══ Extracted material

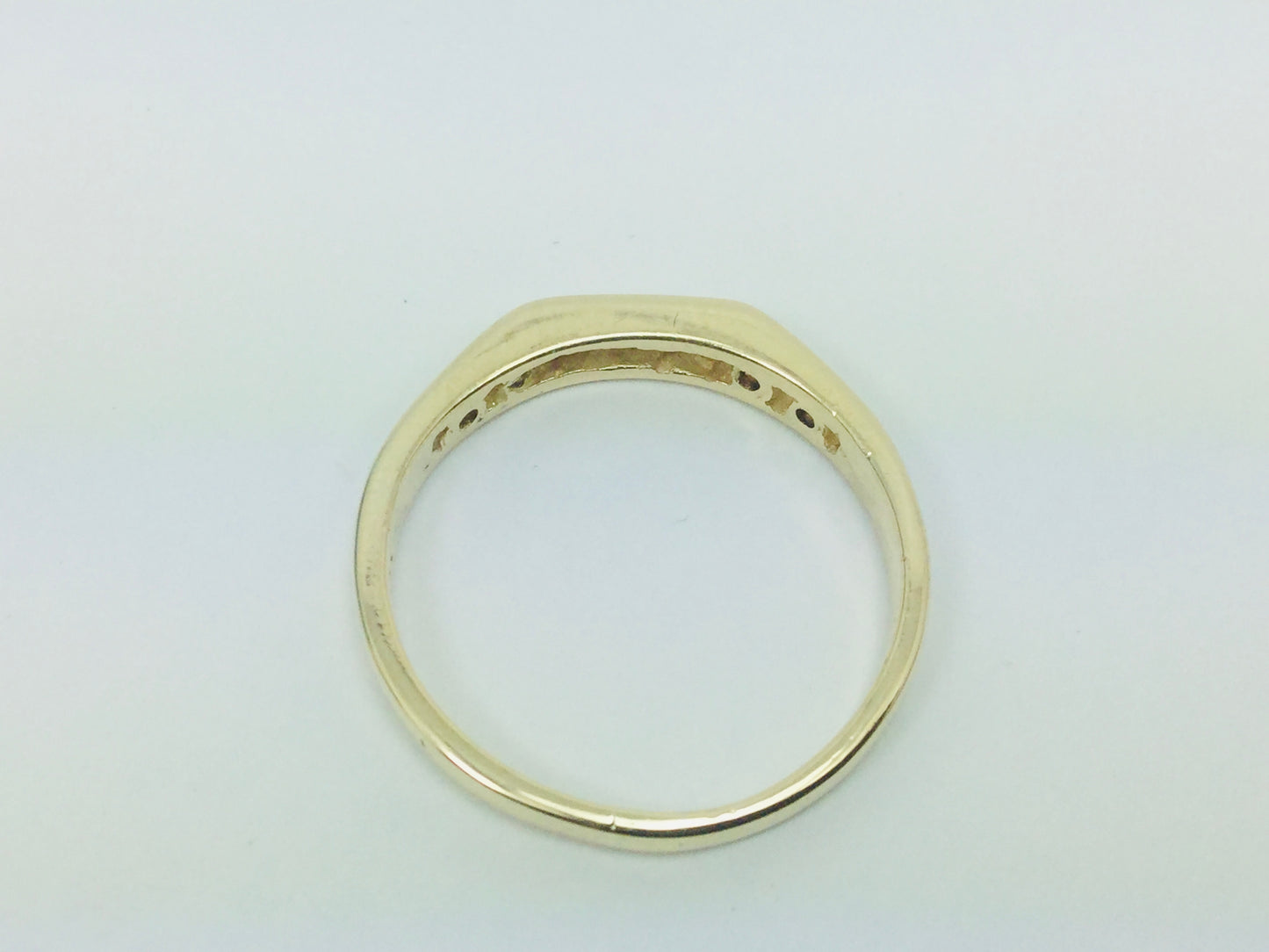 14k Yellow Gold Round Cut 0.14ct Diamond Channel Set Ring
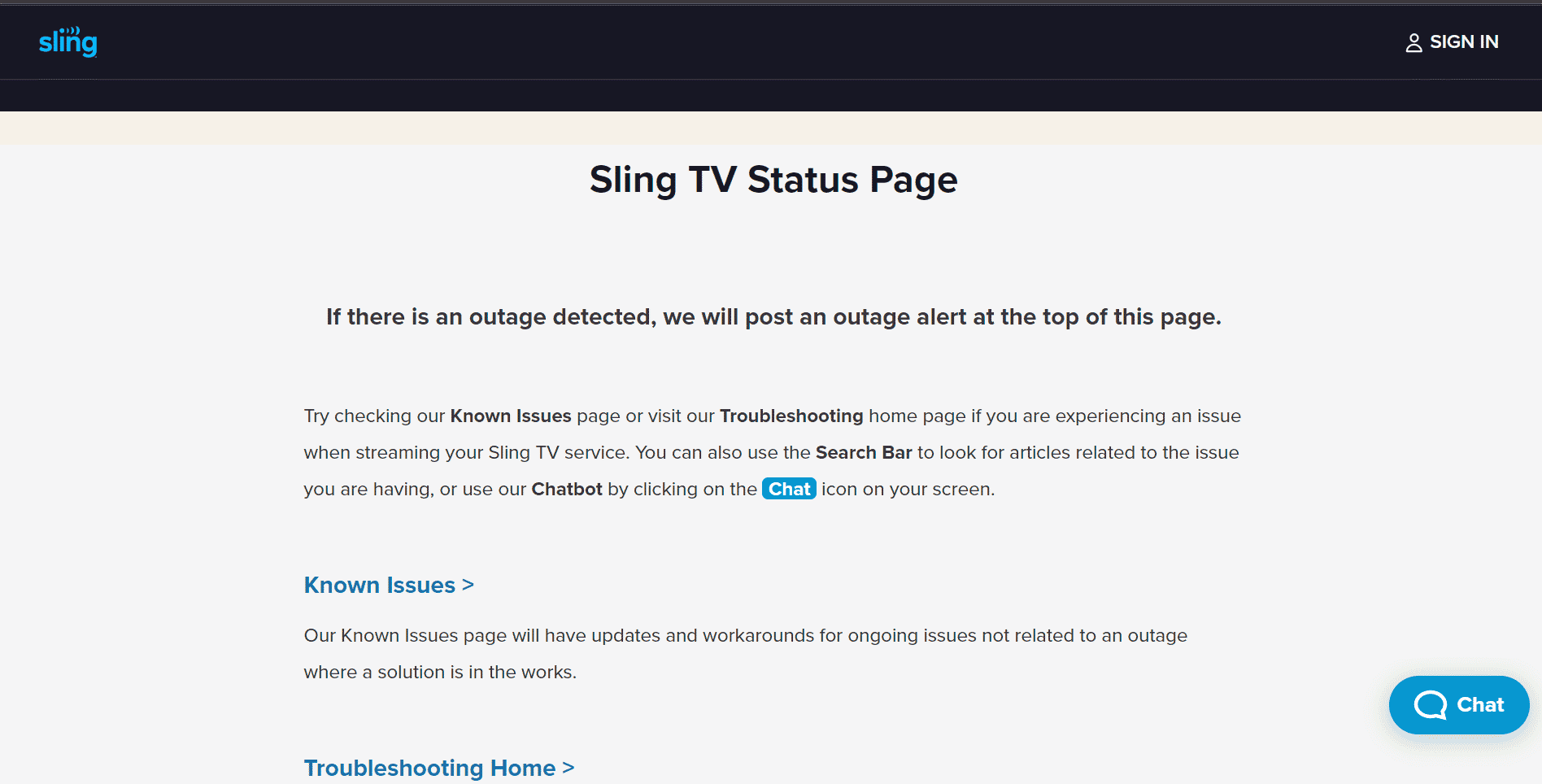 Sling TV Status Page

════
══ Extracted material

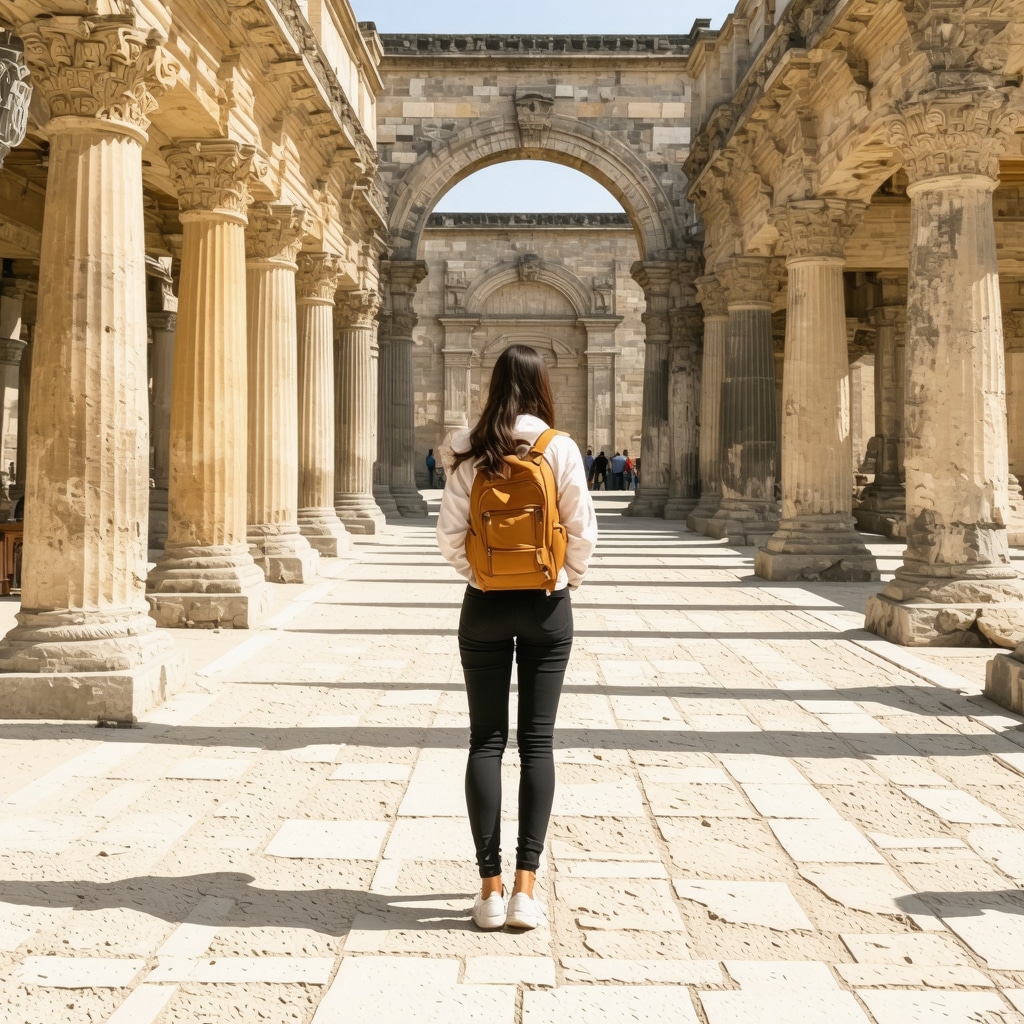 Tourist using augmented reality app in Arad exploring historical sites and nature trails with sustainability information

════

> **The task**: Give again, exactly as written above, each line from the one that has "14k Yellow Gold" to the one that has "Sling TV Status Page", both included; omit the pictures.

> **Response below**:
 14k Yellow Gold Round Cut 0.14ct Diamond Channel Set Ring
 Sling TV Status Page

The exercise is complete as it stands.